Patient 2
Patient 2 was a 34-year-old woman with mitral atresia and pulmonary atresia who underwent atriopulmonary Fontan palliation at age 4. At 17 years old, she underwent conversion to a lateral tunnel Fontan due to recurrent atrial arrhythmias that persisted despite radiofrequency ablation.
She first developed ascites at age 22. At paracentesis, the SAAG was 0.7, and fluid protein was 6.2 g/dL. She had a markedly elevated serum CRP of 169.6 mg/L. Evaluation by rheumatology was inconclusive, but given her significant illness, she was treated with prednisone and methotrexate. After 2 years without ascites, the prednisone was weaned off. Methotrexate was stopped another 3 years later, but her ascites recurred shortly afterward.
Evaluation for causes of ascites included (1) blood tests showing normal liver synthetic function; (2) abdominal CT showing a cirrhotic-appearing liver without discrete lesions; (3) esophagogastroduodenoscopy showing no varices; (4) liver biopsy showing hepatic fibrosis and regenerative hepatocellular changes; (5) peritoneal biopsy showing mesothelium-lined soft tissue without significant pathologic change; and (6) cardiac catheterization showing CI of 1.9 L/min/m2, Fontan pressure of 8 mmHg, PCWP of 4 mmHg, PVR of 1.3 iWU, and a HVPG of 3 mmHg. Within 1 year, she was requiring paracentesis every 2-3 weeks, each time with a low SAAG. Fluid triglycerides were 50 mg/dL, and Gram stain, cultures, and cytology were negative. Her CRP was 173.0 mg/L. Based on these findings and on the temporal association of ascites with discontinuation of methotrexate, it was felt that an anti-inflammatory agent would be appropriate.
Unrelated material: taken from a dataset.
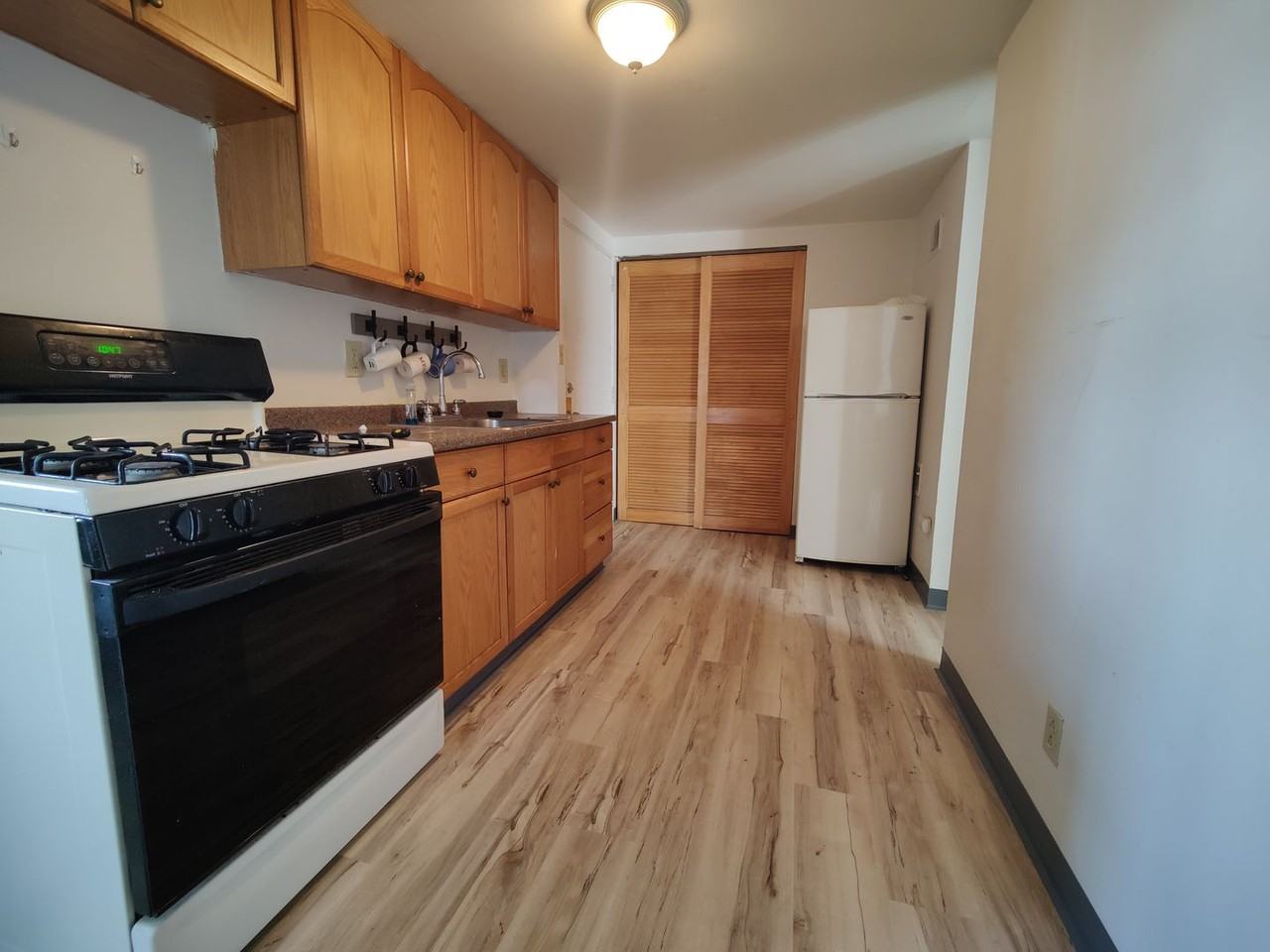 742 Ohio Ave #7 - Photo 3 of 6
Given concerns about toxicity related to long-term use of these agents, we decided to try intraperitoneal steroids.
After removal of 5 L of fluid by paracentesis, 500 mg of triamcinolone hexacetonide was introduced into the peritoneal space. She experienced post-procedural hyperglycemia that persisted for one week; the procedure was otherwise well tolerated. After 3 weeks, she was readmitted for ascites and underwent a second paracentesis with removal of 4.3 L of fluid followed again by administration of 500 mg of triamcinolone hexacetonide into the peritoneal space. Again, she experienced post-procedural hyperglycemia that resolved after a few days.
She did not require paracentesis again until 20 weeks after the second administration of intraperitoneal triamcinolone. By 8-1/2 months, she began presenting frequently for paracentesis. After the sixth paracentesis in a 3-month period, she again received 500 mg of intraperitoneal triamcinolone hexacetonide after removal of 4.5 L of ascites. Although she did not experience hyperglycemia this time, adrenocorticotropic hormone stimulation testing 2 weeks later showed evidence of adrenal insufficiency. She was started on low-dose hydrocortisone. She required paracentesis two more times over the next 6 weeks but then did not need paracentesis again until 45 weeks later. During this time, her hydrocortisone was weaned without any adverse effects. Although her ascites became intractable, no more intraperitoneal triamcinolone was given due to the previous adverse effects; she underwent paracentesis 43 more times over the next 3 years, including 23 times in her final year. She ultimately developed Candida peritonitis and died within 2 weeks of diagnosis.